I posted two other reminiscences of growing up in the South in the years before the Brown decision was implemented. I reiterate that I am not suggesting that there is less segregation today than there was in the 1950s; there may be even more. But so much was qualitatively different, and I find it valuable to recall what the qualitative differences were. There were no black mayors or Congressmen, no blacks on television or in the films. All public (and private) facilities in the South were segregated. I could go on, but I’ll save that for another time.

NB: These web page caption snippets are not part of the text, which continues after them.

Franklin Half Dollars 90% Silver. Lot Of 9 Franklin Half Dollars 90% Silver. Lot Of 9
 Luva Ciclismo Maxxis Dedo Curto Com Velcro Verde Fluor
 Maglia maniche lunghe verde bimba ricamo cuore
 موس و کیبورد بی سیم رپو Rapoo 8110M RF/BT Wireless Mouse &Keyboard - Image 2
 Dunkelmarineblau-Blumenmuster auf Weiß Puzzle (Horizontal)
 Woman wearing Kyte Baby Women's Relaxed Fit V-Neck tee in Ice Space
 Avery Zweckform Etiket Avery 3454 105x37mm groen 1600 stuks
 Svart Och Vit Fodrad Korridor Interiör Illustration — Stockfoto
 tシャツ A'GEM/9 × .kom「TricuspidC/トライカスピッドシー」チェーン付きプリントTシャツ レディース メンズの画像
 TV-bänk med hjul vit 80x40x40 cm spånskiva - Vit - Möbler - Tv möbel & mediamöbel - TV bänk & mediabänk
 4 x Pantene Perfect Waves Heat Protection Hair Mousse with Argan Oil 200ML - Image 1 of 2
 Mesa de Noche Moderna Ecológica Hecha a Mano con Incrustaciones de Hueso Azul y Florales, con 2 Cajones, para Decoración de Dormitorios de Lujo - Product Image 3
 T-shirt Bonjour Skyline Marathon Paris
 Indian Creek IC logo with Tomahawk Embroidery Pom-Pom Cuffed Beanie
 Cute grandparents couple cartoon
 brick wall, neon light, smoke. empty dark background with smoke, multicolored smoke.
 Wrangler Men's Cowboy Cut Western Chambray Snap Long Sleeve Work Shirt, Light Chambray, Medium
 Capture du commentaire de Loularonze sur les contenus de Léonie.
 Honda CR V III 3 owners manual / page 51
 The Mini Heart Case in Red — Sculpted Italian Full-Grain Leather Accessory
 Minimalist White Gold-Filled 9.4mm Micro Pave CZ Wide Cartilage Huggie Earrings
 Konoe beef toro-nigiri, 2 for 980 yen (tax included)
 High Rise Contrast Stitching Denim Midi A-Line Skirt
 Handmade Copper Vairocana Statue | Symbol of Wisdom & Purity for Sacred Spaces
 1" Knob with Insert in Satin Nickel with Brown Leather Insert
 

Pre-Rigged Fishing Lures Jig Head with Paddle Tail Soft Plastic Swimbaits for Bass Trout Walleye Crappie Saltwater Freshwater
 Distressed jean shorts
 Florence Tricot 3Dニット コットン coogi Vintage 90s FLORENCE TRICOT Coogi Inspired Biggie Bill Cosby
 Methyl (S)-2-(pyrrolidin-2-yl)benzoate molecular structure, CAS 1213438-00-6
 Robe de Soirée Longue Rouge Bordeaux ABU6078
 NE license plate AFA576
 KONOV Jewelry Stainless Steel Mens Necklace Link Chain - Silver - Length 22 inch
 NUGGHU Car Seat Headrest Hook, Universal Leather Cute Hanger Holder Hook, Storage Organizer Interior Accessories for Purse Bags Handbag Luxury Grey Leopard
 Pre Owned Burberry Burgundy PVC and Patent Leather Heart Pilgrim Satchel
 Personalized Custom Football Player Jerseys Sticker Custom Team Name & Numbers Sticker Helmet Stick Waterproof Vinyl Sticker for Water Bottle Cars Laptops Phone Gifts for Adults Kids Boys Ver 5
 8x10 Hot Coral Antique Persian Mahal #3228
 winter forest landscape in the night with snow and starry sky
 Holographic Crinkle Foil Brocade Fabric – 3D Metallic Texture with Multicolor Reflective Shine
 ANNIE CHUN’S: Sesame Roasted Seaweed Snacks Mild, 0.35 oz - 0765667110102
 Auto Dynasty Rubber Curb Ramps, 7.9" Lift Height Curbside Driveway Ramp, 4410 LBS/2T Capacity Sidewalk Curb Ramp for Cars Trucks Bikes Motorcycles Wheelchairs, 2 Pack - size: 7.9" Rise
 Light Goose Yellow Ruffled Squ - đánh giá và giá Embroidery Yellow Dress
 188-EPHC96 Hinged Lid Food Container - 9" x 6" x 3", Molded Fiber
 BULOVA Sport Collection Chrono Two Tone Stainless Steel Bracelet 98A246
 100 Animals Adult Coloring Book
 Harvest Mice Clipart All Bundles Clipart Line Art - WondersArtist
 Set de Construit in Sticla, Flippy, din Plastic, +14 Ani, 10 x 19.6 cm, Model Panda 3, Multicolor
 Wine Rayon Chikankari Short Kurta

My take on segregation comes from being an English child brought to America to escape WW!!. Fourth grade in the Aiken, S. C. public school was about 2 years behind my London County Council school near Edgeware Road. No, I was the right color. I just sounded funny and that made me a pariah. I was not aware of the color line until my parents allowed me to visit the Aiken jail in the company of their friend the chief of police. The black prisoners were kept in an unconditioned ‘trailer’ 3 bunks high in back of the station, and I remember when chief opened the door, black faces stared down at me, waved and said, “How-ya doing little girl?” The chief had a black woman who did all the cooking and cleaning, and who went into the back yard to catch a chicken and prepare it for Sunday supper. I was told that Saturday night was the night on the town for the ‘coloureds’. The movies were segregated with black audiences seated in the balcony, and the local Baptist church was all white and all ‘ Christian.’ A polio scare that spring shut the school down to my everlasting thanks, and my Father’s employer escaped Aiken for his penthouse in New York City. I felt even as a child that I could breathe again, to be accepted, and to live where many nationalities and races mingled. I cannot compare my experience with Jim Crow South to the black experience. That would be insulting. But having had a small whiff of that corruption, I think America has much to atone for, to correct, and finally to ask forgiveness.